2. The second is tied into the first, which is due to the recursive nature of the algorithm, debugging was very hard, especially as the bigints increased in size. There were small edge cases or logic gaps missing that were not evident at smaller test cases, and especially for Toom-Cook, there were multiple pages of arithmetic that I checked by hand to isolate bugs/logical issues.

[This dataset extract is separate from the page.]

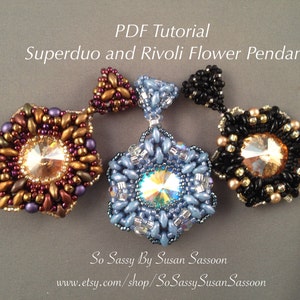 May include: Three beaded flower pendants, each with a different color scheme. The pendants are made with Superduo beads and a Rivoli crystal. The colors are blue, black, and brown.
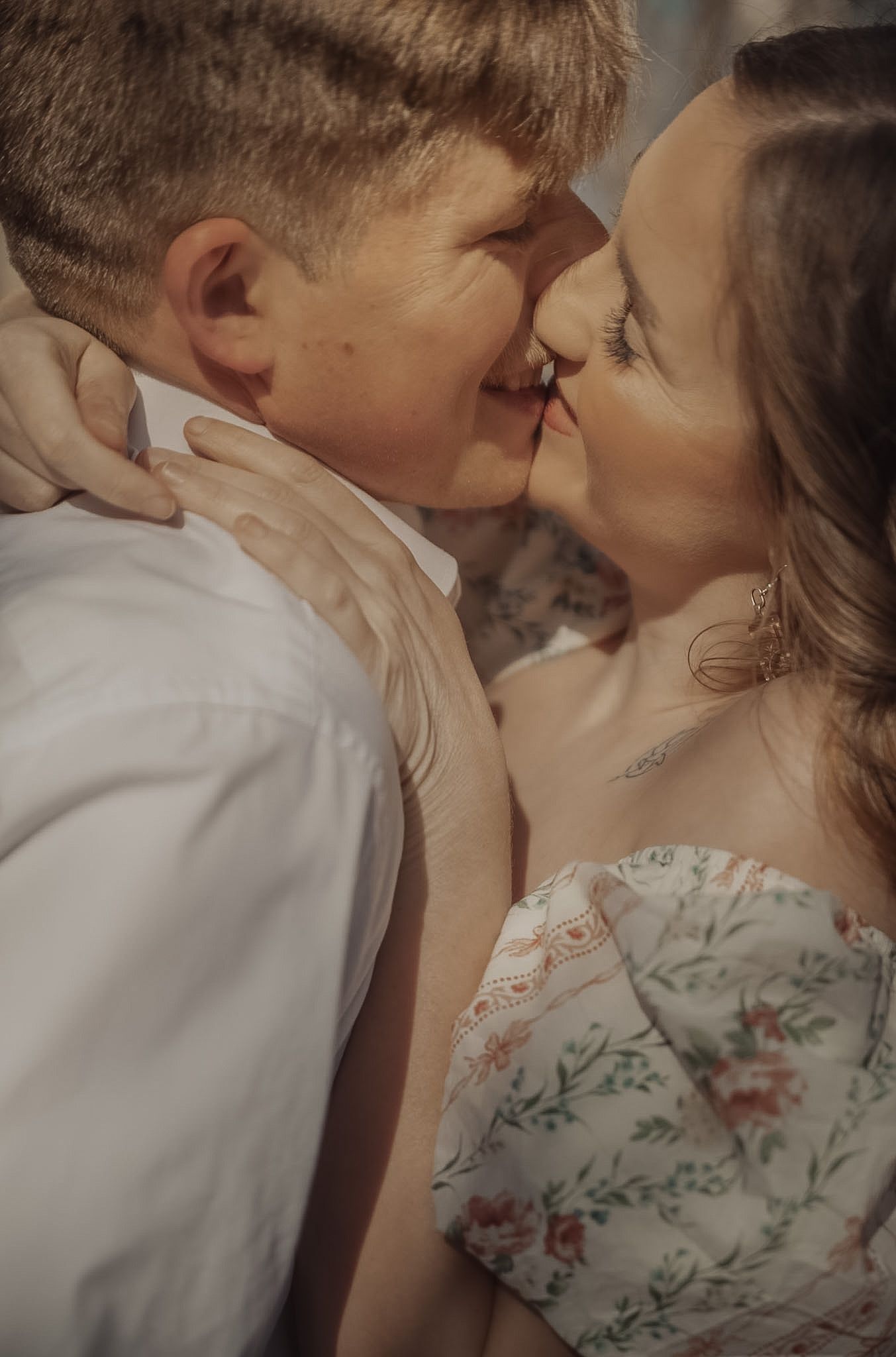 A young couple shares a romantic almost-kiss moment, smiling closely together in soft warm tones.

3. Lastly, and perhaps the most series challenge was one specific step within Toom-Cook, due to the nature of how we are representing big numbers. There was one calculation, specifically regarding the calculation of b, the coefficient of x^3, where in order to solve the algebraic expression, a division by 6 became necessary. This puzzled me for a long time, as how was I supposed to/allowed to use division in order to develop Toom-Cook? At first, I paid it no heed, and told myself it was more important to get the algorithm’s logic as a whole working first. I did so, using big_div, and got it to work. However, then when I came to the performance testing, I was horrified. It made sense that as the numbers got very large, during this final step of interpolation, dividing by 6 became very expensive operation. This was causing Toom-Cook to become even slower than regular big_mul for large numbers. That step was necessary as well, as there was no other way around it to solve for that coefficient. I had even pinpointed the division as the problem using benchmarking, as the algorithm was spending 80% of its time in the division step! I then realized that I would need a separate division method that was built purposefully to handle only divisions by 3. I realized that when dividing by 3, depending on the current number’s carry, I could figure out what number (either 1/3 or 2/3 of UINTMAX) to the following limb, to get the right dividend. This method is defined in the code as divide_by_3. After using this method instead of big_div in big_toom_cook, performance shot up tenfold, and I was able to get results that were indicative of toom-cook’s true potential. This was perhaps my greatest challenge apart from implementing the algorithm itself.
Commands to run code:
I wrote code for various tests (documented in the code), along with experiments that can be run by uncommenting them in the provided main function. As such, to run everything, you can uncomment all the code inside main and then just compile and run to run the extension. As provided, the code will run the various tests I wrote along with the experiments doing 10 calculations in 1 run (to allow for larger sizes to be run!). It is default set to run experiment 1 between 50,000 to 100,000, and experiment 2 at 5000!. Note experiment 2 runs 1 multiplication type at a time, so be sure to change that to whichever strategy you want if you want to run others! It is default set to Karatsuba. Experiment 1 runs all 3! * Note that for larger numbers, if the time estimated seems a little less than expected, not that freeing up, mallocing, and copying larger numbers where appropriate does also take time! (this was properly not counted in the time).
*Note: I wrote a comment called EXTENSION STARTS HERE, to indicate where new code was started being added for the extension, stuff before it already existed from keygen.